## Data:
+-------+

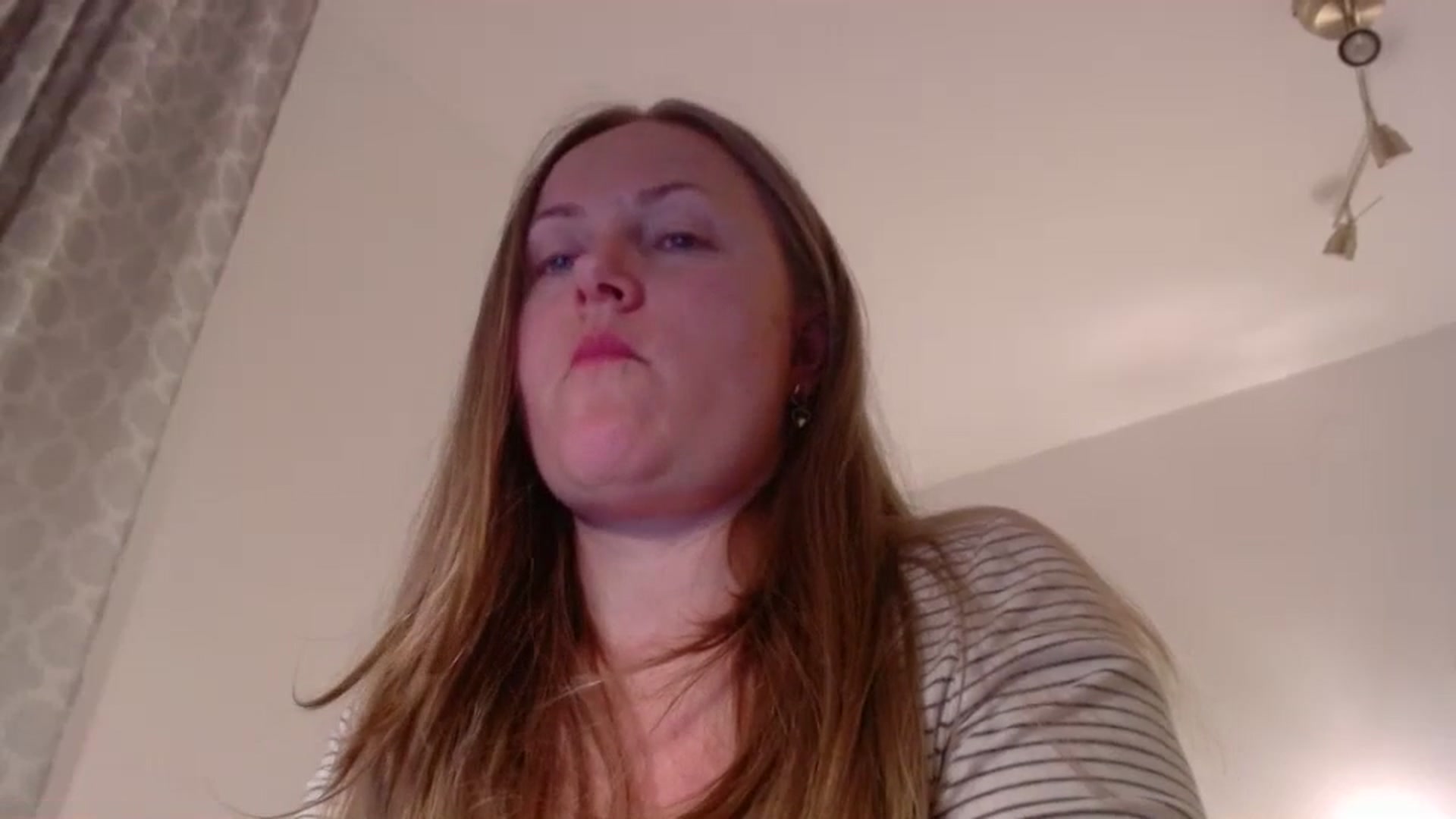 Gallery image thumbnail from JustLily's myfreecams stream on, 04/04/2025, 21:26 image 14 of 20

+-------+

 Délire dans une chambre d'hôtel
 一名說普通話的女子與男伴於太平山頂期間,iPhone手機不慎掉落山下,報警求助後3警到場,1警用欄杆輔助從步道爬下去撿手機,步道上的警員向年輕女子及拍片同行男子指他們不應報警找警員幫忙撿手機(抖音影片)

+-------+

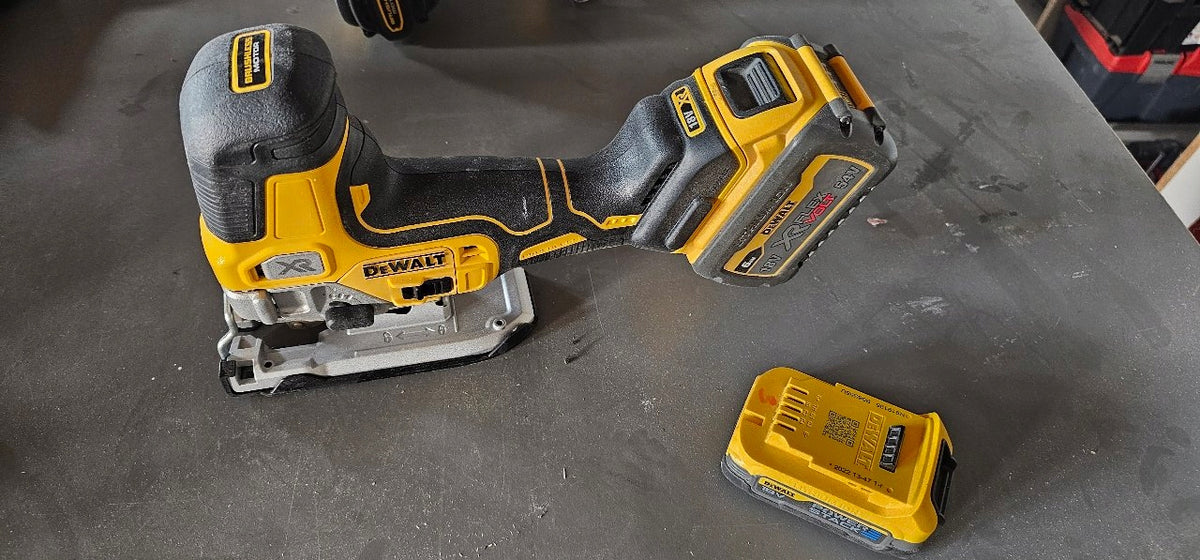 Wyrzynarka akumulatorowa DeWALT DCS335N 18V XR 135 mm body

+-------+

## What is needed:
All that is needed is the exact run of lines above from the line containing "Délire dans une chambre d'hôtel" through the line containing "一名說普通話的女子與男伴於太", both of them included.

## Result:
 Délire dans une chambre d'hôtel
 一名說普通話的女子與男伴於太平山頂期間,iPhone手機不慎掉落山下,報警求助後3警到場,1警用欄杆輔助從步道爬下去撿手機,步道上的警員向年輕女子及拍片同行男子指他們不應報警找警員幫忙撿手機(抖音影片)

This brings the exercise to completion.